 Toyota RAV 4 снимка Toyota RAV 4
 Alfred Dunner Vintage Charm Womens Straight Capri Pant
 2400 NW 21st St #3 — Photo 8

== == ==

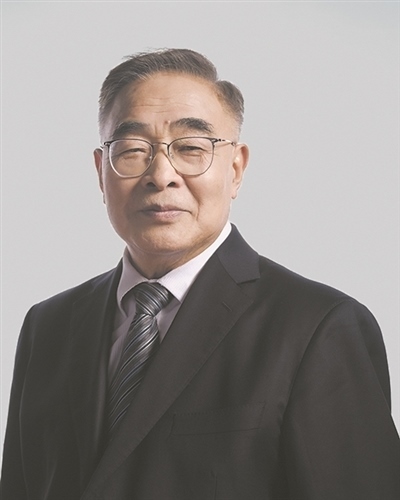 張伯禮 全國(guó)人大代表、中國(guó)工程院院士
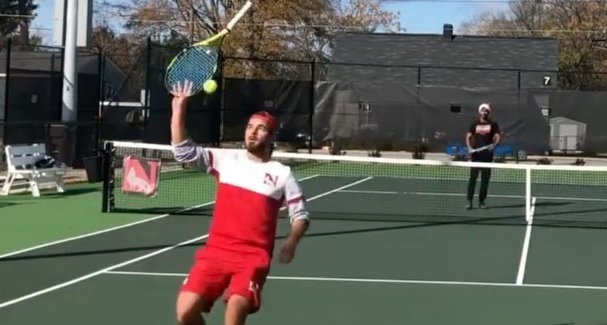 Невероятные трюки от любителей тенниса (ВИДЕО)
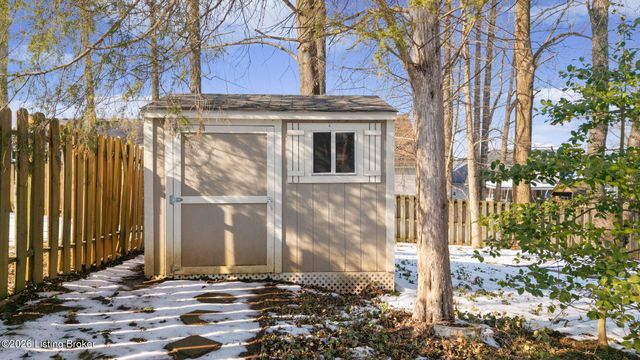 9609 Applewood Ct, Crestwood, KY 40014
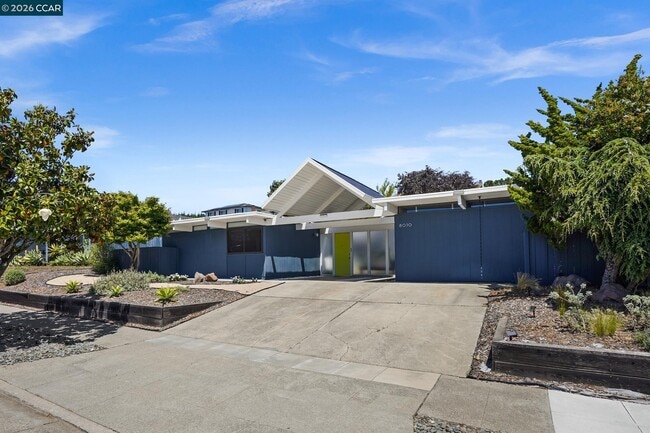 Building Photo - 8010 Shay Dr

== == ==

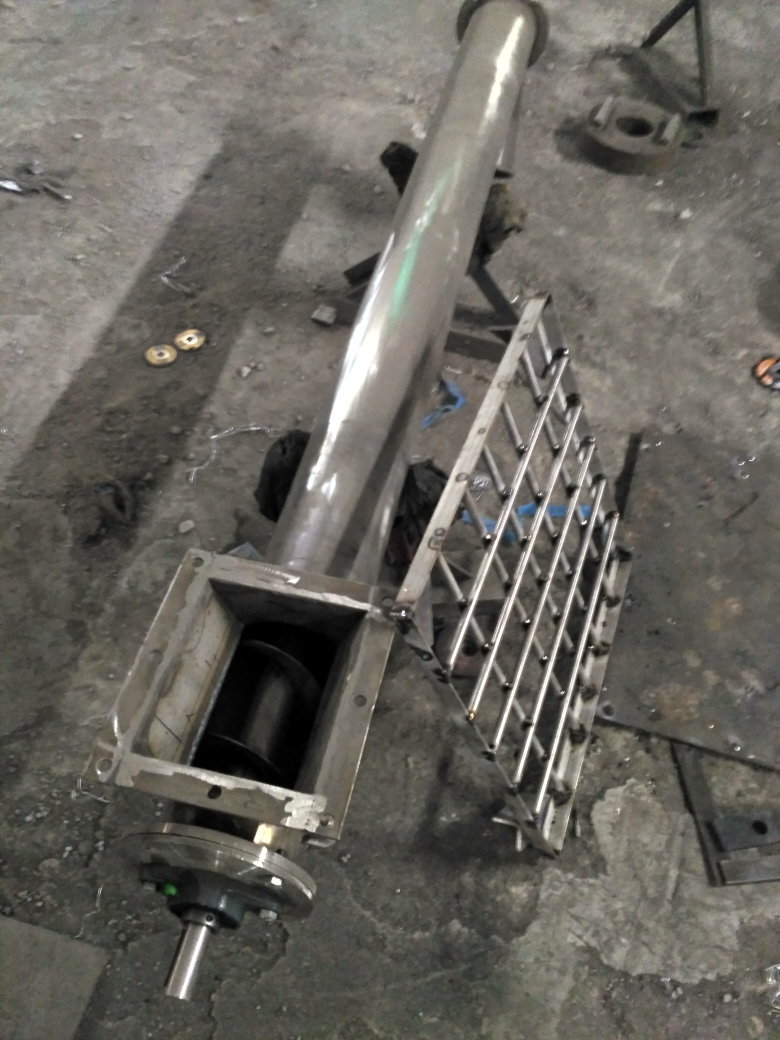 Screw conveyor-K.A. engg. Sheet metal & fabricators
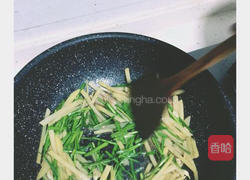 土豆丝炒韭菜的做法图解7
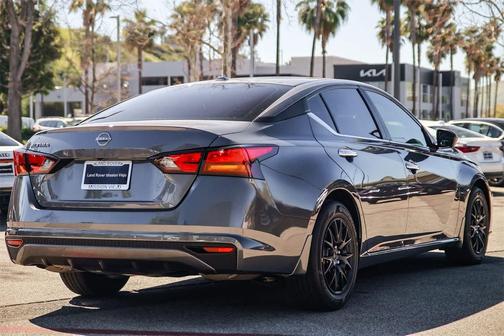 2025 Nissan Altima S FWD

== == ==

_Work instructions_
Copy out precisely the lines from the line with "Toyota RAV 4 снимка Toyota RAV 4" to the line with "2400 NW 21st St #3 — Photo 8" in the material above, including those two lines and omitting all the rest.

_Problem solution_
 Toyota RAV 4 снимка Toyota RAV 4
 Alfred Dunner Vintage Charm Womens Straight Capri Pant
 2400 NW 21st St #3 — Photo 8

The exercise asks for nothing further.